Monday, September 19, 2005

Blue Devils

blue devils satire by George Cruickshank

G. Cruickshank: The Blue Devils, 1835.

George Cruickshank was a humorist of the school of Hogarth and considered by some to be the best England has produced. He began as a painter of theatre backdrops, moved onto political caricatures and finally found his niche in the 1820s as a book illustrator. Perhaps his most famous work accompanied some editions of Charles Dickens novels.

This illustration appears as part of the small The Language of the Age : Depictions of Medicine in Graphic Satire exhibition at Countway/Harvard Medical School.

Update June 2008: The Countway exhibition site appears to be totally gone now and only the text survives at the Wayback Machine. That's a shame. I had stupidly hotlinked the image but managed to find an alternative copy which I've uploaded.

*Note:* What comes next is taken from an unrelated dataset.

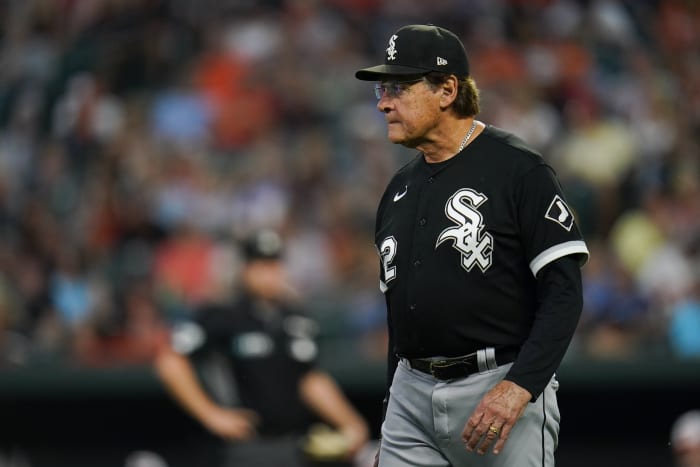 Tony La Russa reunites with White Sox as manager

Update Two: Upon enquiry, I was advised that the library website has been updated and the exhibition site: 'The Language of the Age: Depictions of Medicine in Graphic Satire' is still available!


Anonymous said...

I love Cruikshank's & Gillray's cartoons. Appaerntly, the 'blue devils' were later abbreviated to 'the blues'.

peacay said...

I wondered about that and you made me look.

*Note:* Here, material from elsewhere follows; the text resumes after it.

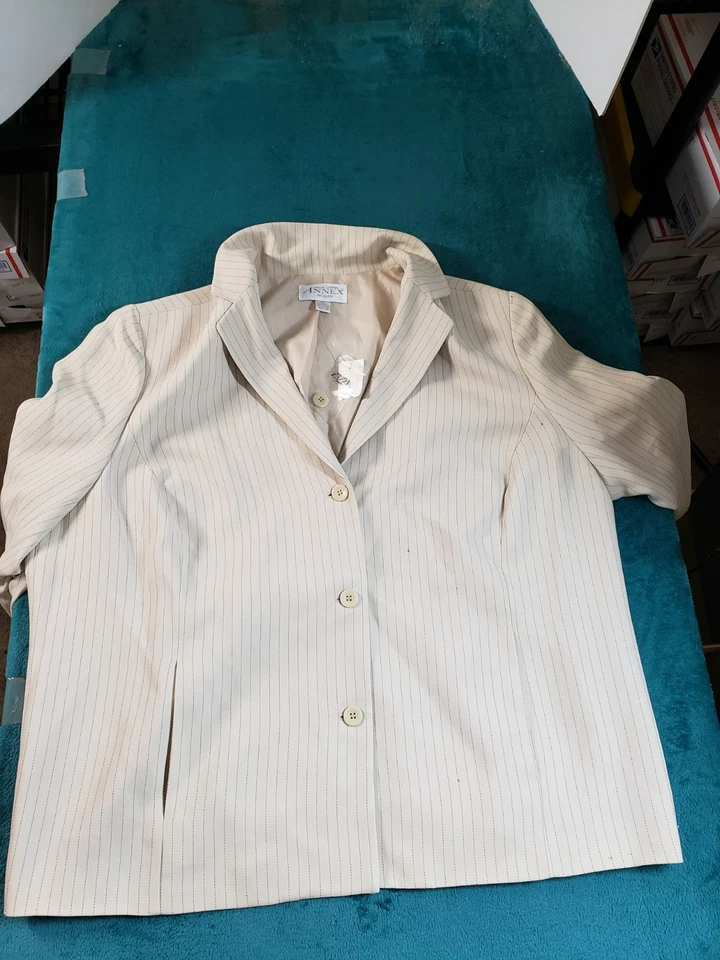 Blazer Esquinero Informal Talla 3 X Mujer Beige Anexo Mangas Largas Cuello Solapa Nuevo con Etiquetas Foto 2 de 4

Wordorigins has it that...

"The adjective blue has been associated with despondency and sadness since the 16th century. The noun the blues has been with us since 1741. The blues is a shortening of blue devils, demons popularly thought to cause depression and sadness. Blue devils have been around since 1616."

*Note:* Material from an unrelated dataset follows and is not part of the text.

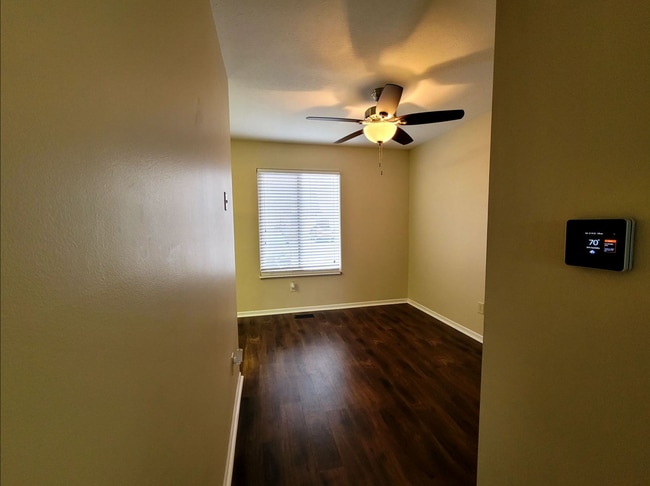 Building Photo - 2 bed 2.5 bath Townhouse condo in Butler Township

But they don't cite anything.

Etymology has..

"..meaning "depression, low spirits" goes back to 1741, from adj. blue "low-spirited," c.1385."


Anonymous said...

I checked in the SOED, and they say the same thing, that 'the blues' meaning sadness, depression (or, they also say, delirium tremens) is a mid 18thC coinage: but they don't cite anything either, alas; so perhaps it's more supposition than a solid fact, but it's one that I recall coming across in a note about this very image in an edition of Cruickshank's prints…

Unknown said...

awwww. the link doesn't work anymore. :(

peacay said...

Thanks for pointing that out ouch! I've added the Internet Archive dregs of the site and found a replacement picture, but there's not much we can do when they take the sites off line. I'm writing to Harvard to find out if it will return because I couldn't even find the illustration in the Visual Images archive.

Anonymous said...

"Blue Devils"- this is an old name of the delirium tremens.
This is an acute alcoholic psychosis which often happens in chronic alcoholics after prolonged booze.
During this psychosis people have same-type visual hallucinations. They see small "devils", "demons" with green-blue color (wine-bottle glass color).
So, the artist Cruickshank tried to show in the picture this pathologic condition.

Anonymous said...

The "esprits bleus" are spirits of the Tunisian animist ritual of possession Stambali, which comes from the Bori religion of the Haousas (or Hausa) of Sahel.
The blue colour is "tabu" in various african religions.

See "The Ban of the Bori" pages 254-255 (288-289 in pdf document) for some examples.